# ASSIGNMENT
Your answer must be an exact copy of the records below, minus any images.

Data items:
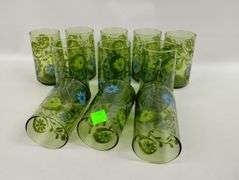 MCM Vintage Glasses 11 CT Avocado Green Blue Floral
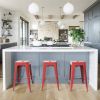 Set of 4 - 24-in. Indoor/Outdoor Backless Stacking Metal Barstools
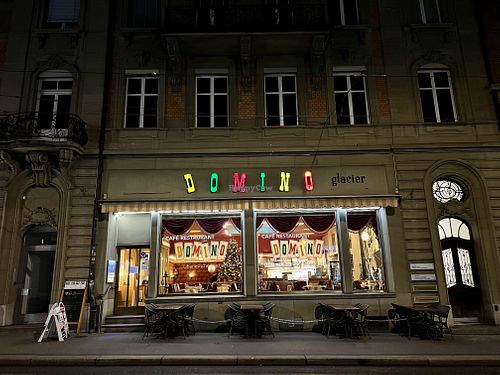 outside at Domino in Bern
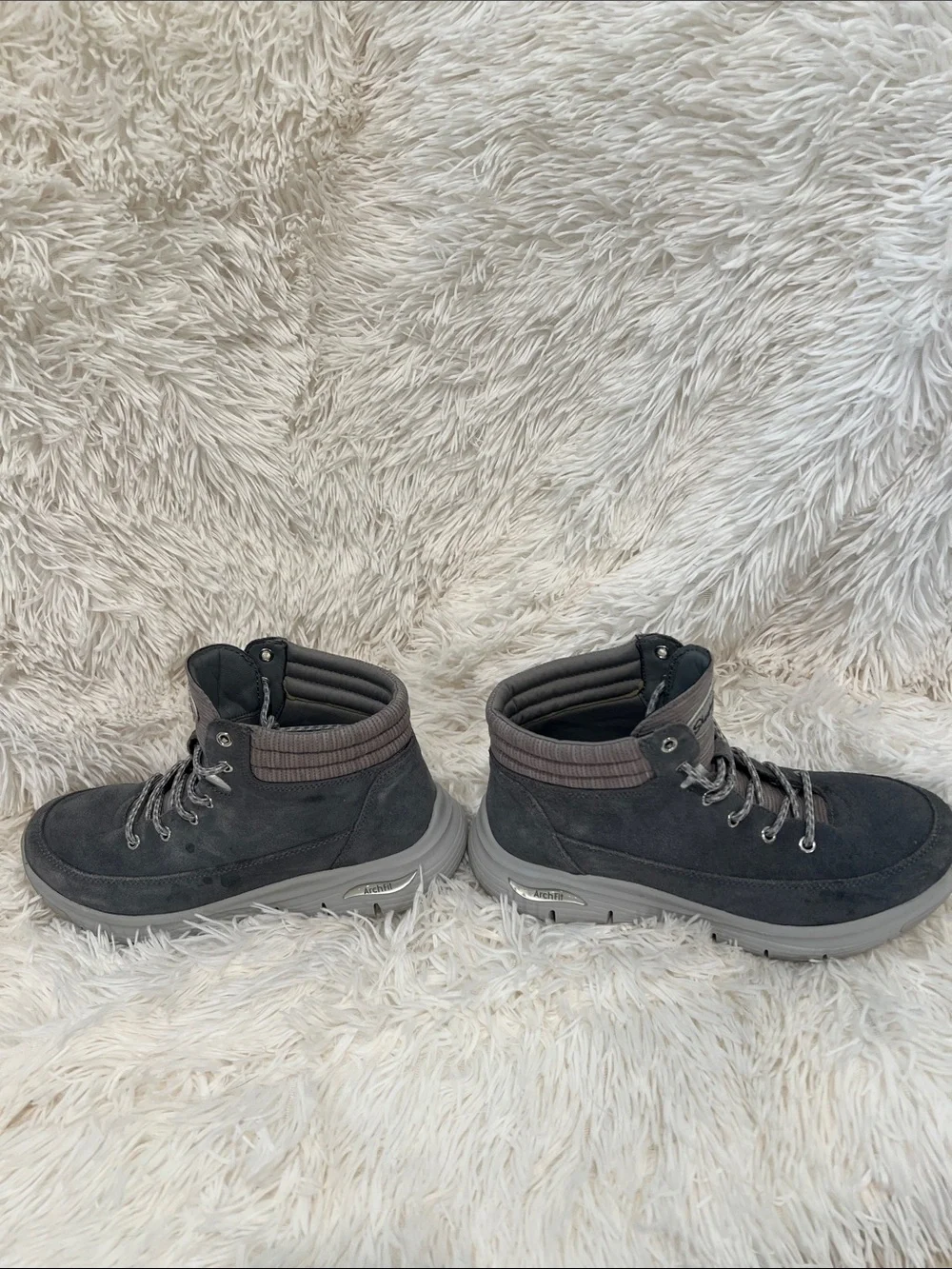 Skechers Women’s Charcoal Gray Suede Lace-Up Hiking Boots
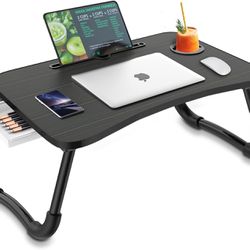 Zapuno Foldable Laptop Bed Table Multi-Function Lap Serving Tray Dining Table with Storage Drawer and Water Bottle Holder, Slot for Eating, Working on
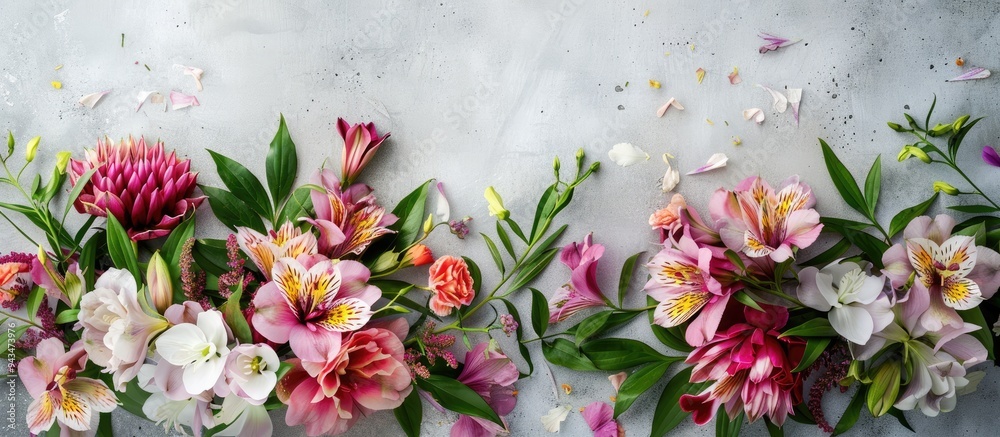 Poster A stunning floral arrangement featuring alstroemeria and peonies on a concrete backdrop The vivid petals and lush leaves form an elegant display with copy space in a top view banner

# RESULT OF THIS TASK
 MCM Vintage Glasses 11 CT Avocado Green Blue Floral
 Set of 4 - 24-in. Indoor/Outdoor Backless Stacking Metal Barstools
 outside at Domino in Bern
 Skechers Women’s Charcoal Gray Suede Lace-Up Hiking Boots
 Zapuno Foldable Laptop Bed Table Multi-Function Lap Serving Tray Dining Table with Storage Drawer and Water Bottle Holder, Slot for Eating, Working on
 Poster A stunning floral arrangement featuring alstroemeria and peonies on a concrete backdrop The vivid petals and lush leaves form an elegant display with copy space in a top view banner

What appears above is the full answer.